The announcement by Gov. Larry Hogan that he will end the federal subsidies for unemployment disproportionately affects women and people of color.
According to Oxfam America, women in Maryland make up 35% of workers making $15 per hour or less. The percentages for people of color are even more daunting with 51.5% of Hispanics, 37.7% of Black people, and 30.5% of Asian people making $15 per hour or less. Compare that to only 27.6% of white people earning $15 per hour or less.
In Maryland, 57% of the workers making $15 per hour or less are over the age of 25. This negates the myth that only teenagers earn under $15 per hour. Because 78.9% of children younger than 12 have a working mother in Maryland, one can assume that most women who make $15 per hour are mothers.
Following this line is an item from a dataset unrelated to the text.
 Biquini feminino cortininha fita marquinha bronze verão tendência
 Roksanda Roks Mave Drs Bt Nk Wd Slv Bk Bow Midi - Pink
The average cost of child care for infants in Maryland is $1,278 per month, while child care for preschool children (from the ages of 3 to 4) is closer to $855 per month. Even while working 40 hours per week, someone earning $15 per hour will only take home $30,000 per year, before taxes and expenses. Child care for an infant would take between 33% to 50% of that mother’s income before taxes.
Maryland is the seventh most expensive state in the U.S. when it comes to child care. In 2018, the Maryland General Assembly doubled child care subsidies so presumably these mothers could qualify for subsidies. However, single mothers can only qualify for the subsidy if they have sued their partner for child support. That puts some single mothers in a predicament where they have to spend time and money to sue their significant other.
There are also only 213,960 available slots for child care in Maryland, but 844,563 children who need it. That helps keep the cost of child care high and the availability for child care low.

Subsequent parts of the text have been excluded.